Equibles
Self-hosted financial data terminal for AI agents. Scrapes and serves SEC filings (full-text search), 13F institutional holdings, insider and congressional trades, FINRA short data, FRED economic indicators, CFTC futures positioning, VIX/put-call ratios, and daily stock prices over MCP.
README
Equibles
An open-source, self-hosted mini Bloomberg Terminal for AI agents. Scrapes, stores, and serves SEC filings, institutional holdings, insider trading, congressional trades, short data, economic indicators, and daily stock prices — and exposes it all via MCP so your AI assistant can query it directly.
Powers equibles.com.
What's Included
| Domain | Data Source | Description |
|---|---|---|
| SEC Filings | SEC EDGAR | 10-K, 10-Q, 8-K annual/quarterly/current reports with full-text search |
| Holdings | SEC 13F-HR | Institutional ownership — who owns what, how much, and trend over time |
| Insider Trading | SEC Form 3/4 | Director, officer, and 10% owner transactions |
| Congressional Trading | House/Senate disclosures | Stock trades by members of Congress |
| Short Data | SEC / FINRA | Fails-to-deliver (SEC), daily short volume and short interest (FINRA) |
| Economic Indicators | FRED (Federal Reserve) | Interest rates, inflation, employment, GDP, yield spreads, and more |
| Stock Prices | Yahoo Finance | Daily OHLCV prices with technical indicators (SMA, RSI, MACD) |
| Futures Positioning | CFTC | Commitments of Traders (COT) data for 30+ futures contracts |
| Market Indicators | CBOE | VIX volatility index (1990+) and put/call ratios by category |
Quick Start
Docker Compose (recommended)
The fastest way to get everything running. Requires Docker.
git clone https://github.com/daniel3303/Equibles.git
cd Equibles
cp .env.example .env
# Edit .env and set SEC_CONTACT_EMAIL (required by SEC EDGAR fair access policy)
docker compose up
This starts:
| Service | Port | Description |
|---|---|---|
| db | 5432 | ParadeDB (PostgreSQL + pgvector + pg_search) |
| web | 8080 | Web portal for browsing data |
| mcp | 8081 | MCP server for AI assistants |
| worker | — | Scrapers (SEC, FINRA, Congress, FRED, Yahoo) |
Data scraping starts automatically.
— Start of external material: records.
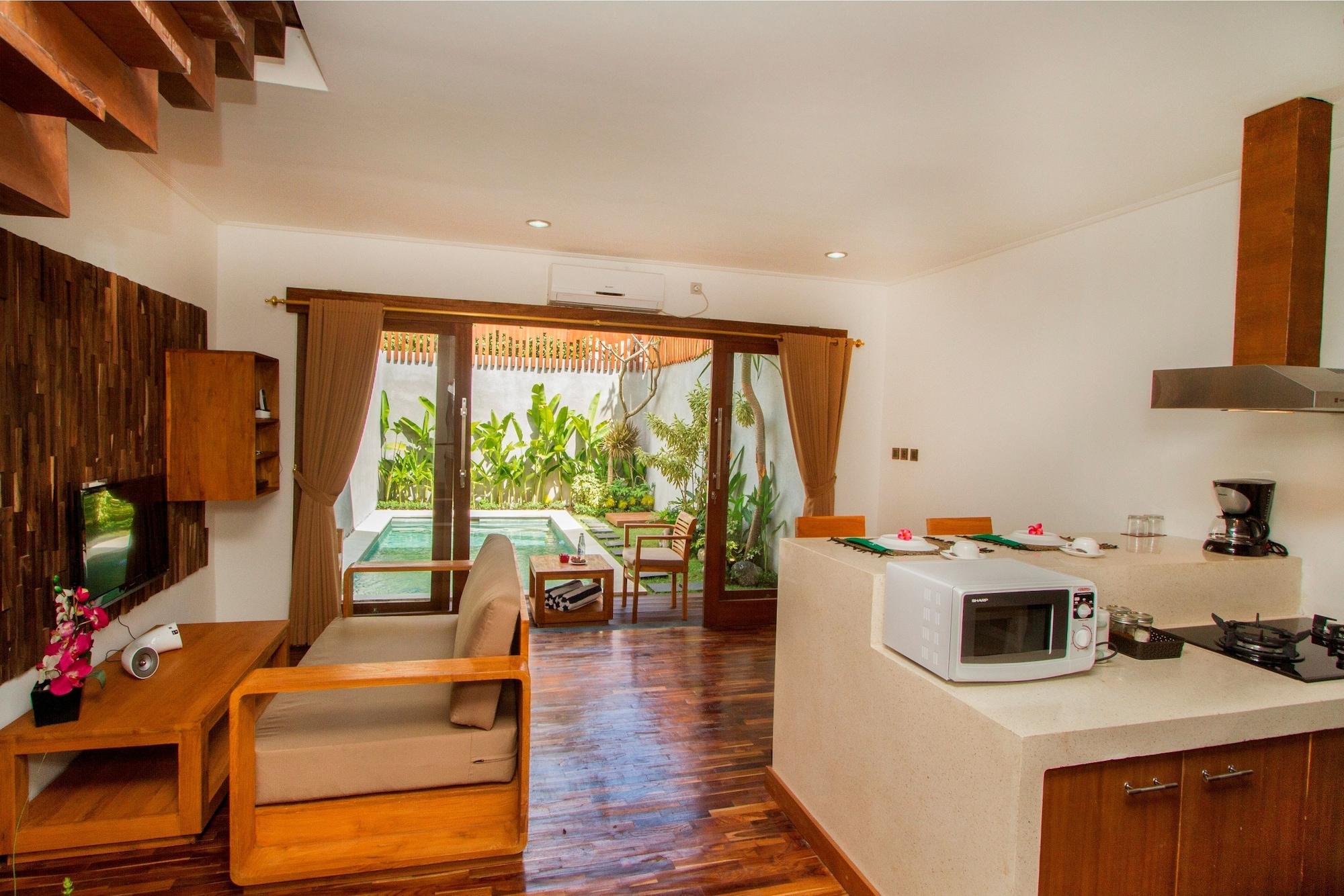 Holiday park Delu & 4*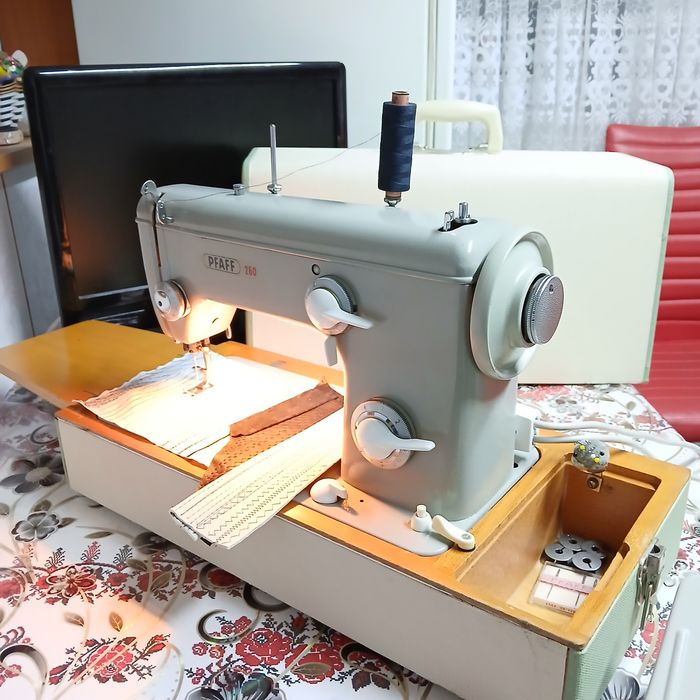 Masina de cusut PFAFF cu graifar industrial rotativ, din metal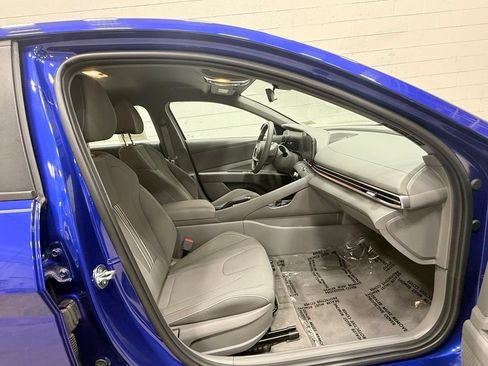 Used 2024 Hyundai Elantra SEL FWD image 33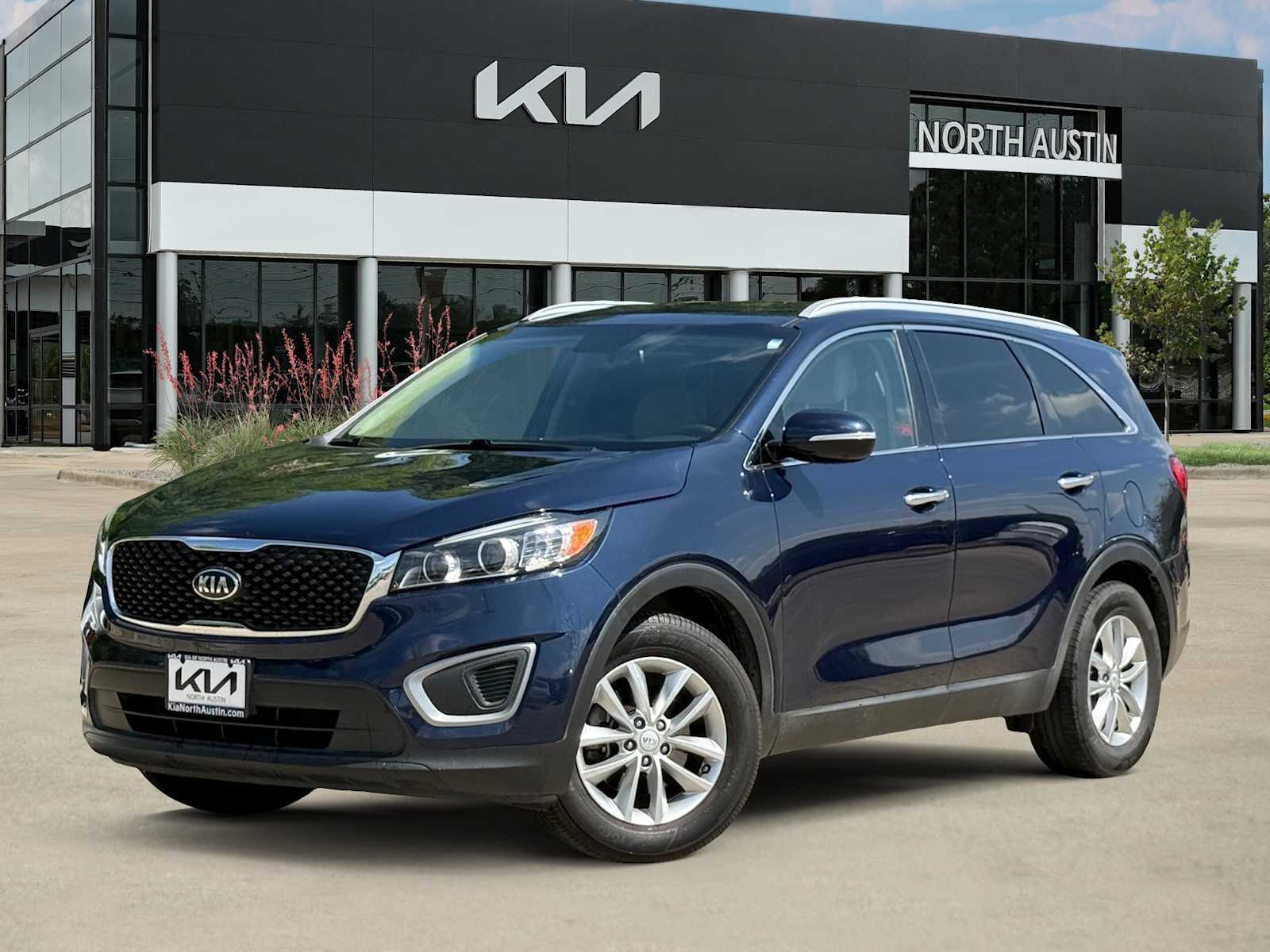 Used 2017 Kia Sorento LX w/ LX Convenience Package image 1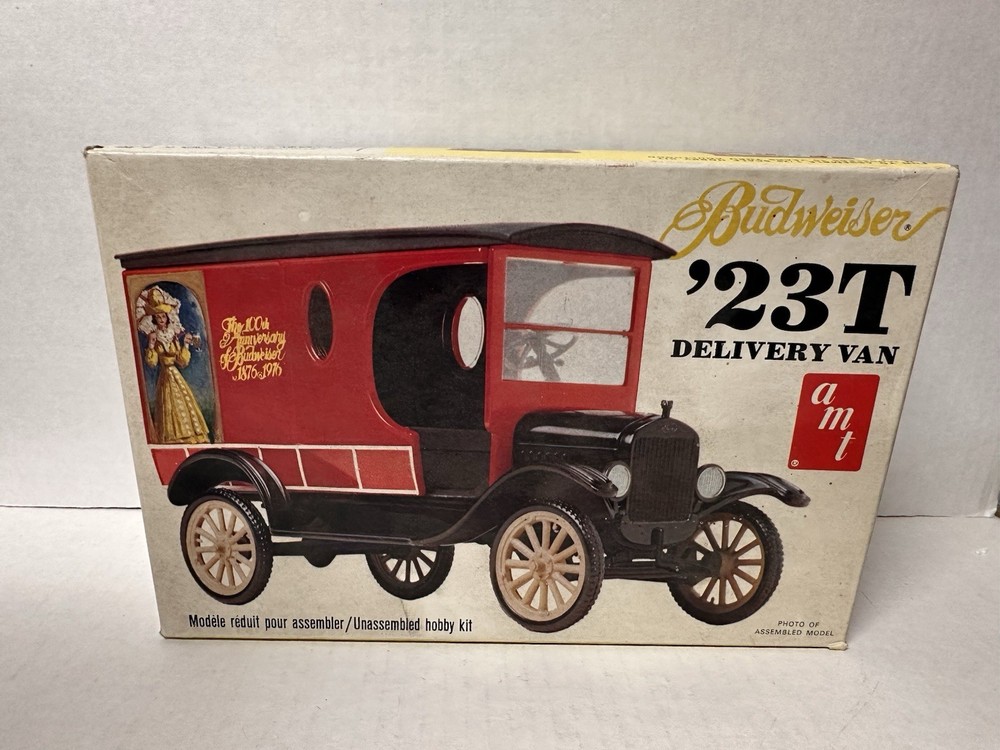 AMT Budweiser 1923 T Delivery Van #2401 1:25 Model Kit (unbuilt / missing 1 lens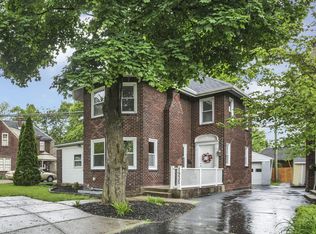 1935 Greenway Ave S, Columbus, OH 43219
SEC filings, holdings, insider trades, and congressional trades will begin populating within minutes.
Configuration
All settings can be configured via a .env file in the project root (recommended for Docker) or environment variables.
FINRA Short Data (free API key required):
The FINRA scraper (short volume and short interest) requires a free API key. Without it, the scraper skips gracefully and all other scrapers run normally. Fails-to-deliver data comes from SEC and works without FINRA credentials.
To get a key:
- Create a free account at developer.finra.org
- Go to Teams & Apps and create a new application
- Copy the Client ID and Client Secret
- Set
Finra__ClientIdandFinra__ClientSecretin your.envfile or environment variables
FRED Economic Data (free API key required):
The FRED scraper requires a free API key from the Federal Reserve Bank of St. Louis. Without it, the scraper skips gracefully and all other scrapers run normally.
To get a key:
- Register at fred.stlouisfed.org/docs/api/api_key.html
- Copy the 32-character API key
- Set
Fred__ApiKeyin your.envfile or environment variables
Ticker Filtering (optional):
By default, all tickers are synced. To limit data syncing to specific stocks, set a single ticker list that applies to all scrapers:
# .env — sync only these tickers (applies to all scrapers)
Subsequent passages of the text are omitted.